# The cutest Toffee pic - ever



## Mese (Jun 5, 2008)




----------



## codyann (Jan 8, 2011)

awww bless very cute picture


----------



## portiaa (Dec 10, 2010)

Awrh!:001_wub: his eyes! :001_wub: And ears! :001_wub:

This is adorable!


----------



## harrys_mum (Aug 18, 2010)

Thats one great picture,Toffee you are lovely


----------



## Cleo38 (Jan 22, 2010)

Lovely pic!!!


----------



## BeagleOesx (Oct 9, 2009)

Absolutely gorgeous - love the smile


----------



## niki (Jan 14, 2009)

Awww! He's gorgeous!
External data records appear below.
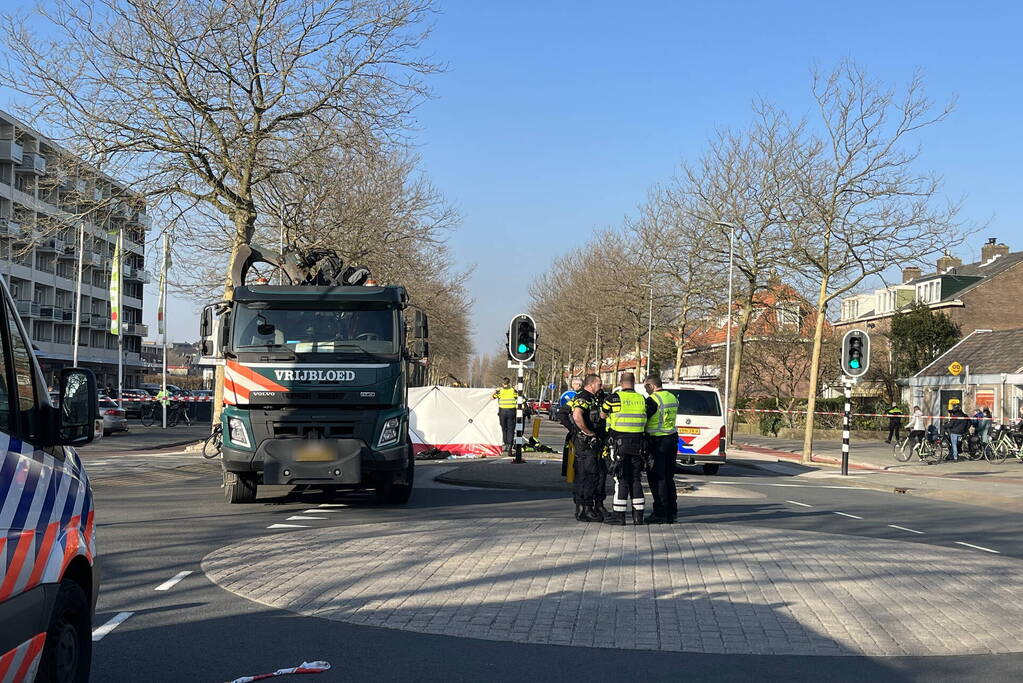 Vrouw ernstig gewond bij aanrijding met vrachtwagen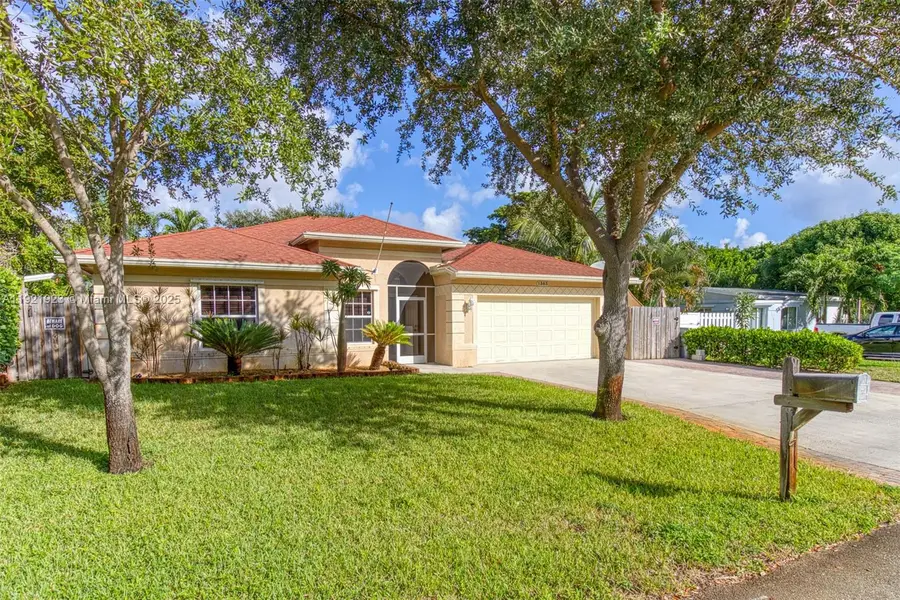 1383 NE 27th St, Pompano Beach, FL 33064 - Image #3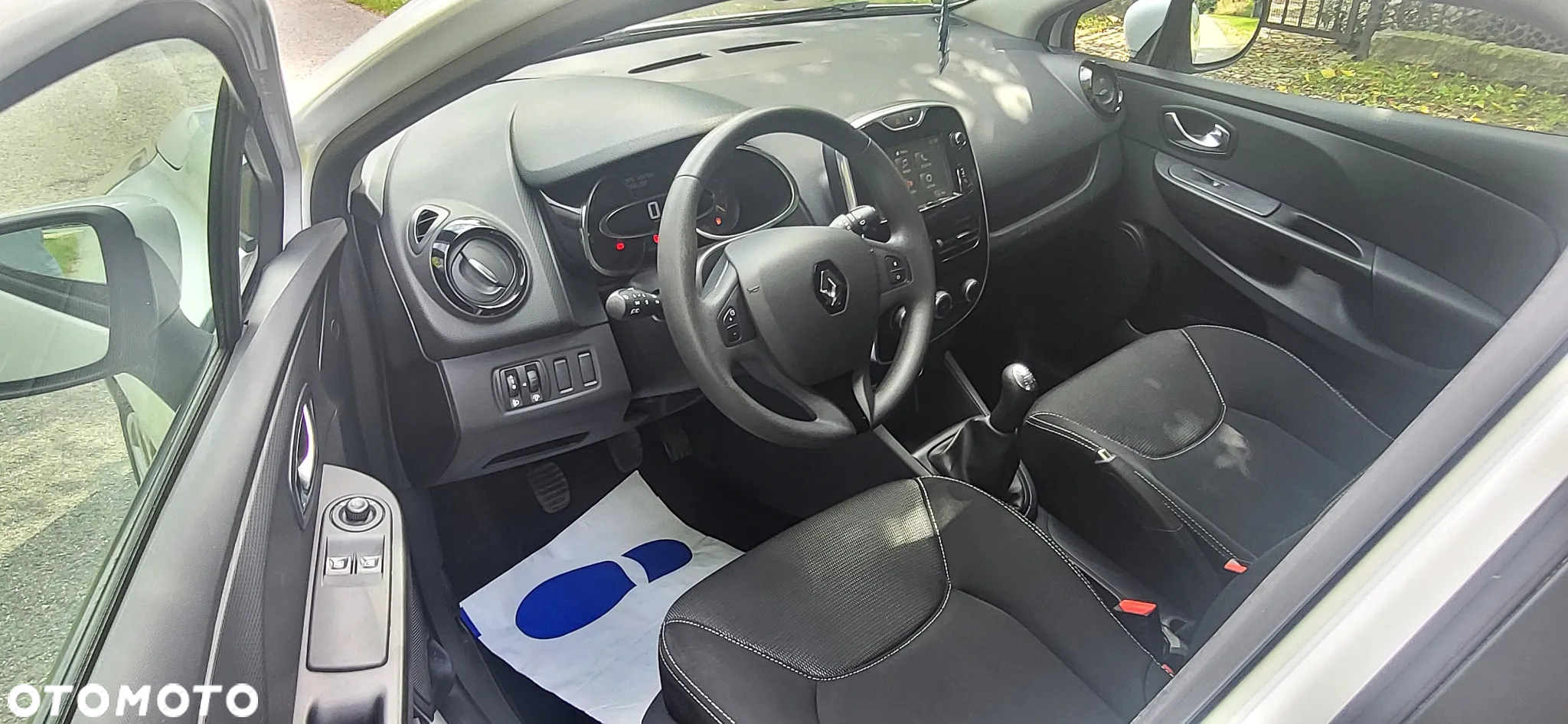 Renault Clio 1.2 16V 75 Dynamique - 22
X


----------



## XxZoexX (Sep 8, 2010)

:thumbup: Just too cute


----------



## Dy1an (Apr 8, 2011)

aww, lovely pic, like the big smile and one pricked ear!


----------



## colliemerles (Nov 2, 2007)

_awwwww what a lovely picture of a beautiful dog._


----------



## nikki2009 (Feb 5, 2011)

awwww hes lovley


----------



## babycham2002 (Oct 18, 2009)

What a lovely picture, I see you got right down in the grass for it!!


----------



## Fleur (Jul 19, 2008)

You must of been laid down in the grass to take that one - suprised you weren't bounced on by the collie crew 

Fab picture - I just love his nose


----------



## Mese (Jun 5, 2008)

Fleur said:


> You must of been laid down in the grass to take that one - suprised you weren't bounced on by the collie crew
> 
> Fab picture - I just love his nose


The other two were probably off chasing flying squirrels and tennis balls , lol


----------



## catz4m8z (Aug 27, 2008)

Aww, gorgeous.
Toffee has an unfair adavantage in the cuteness department anyways!!


----------



## happysaz133 (Jun 5, 2008)

Aww that is a really lovely one  He's so handsome.


----------



## CAstbury (Oct 24, 2010)

Aaaw - what a gorgeous pic - Toffee is lovely - and you take good pics


----------



## kaz_f (Mar 8, 2009)

It's that pleeeeease play with me look. How could anyone resist! Too cute!


----------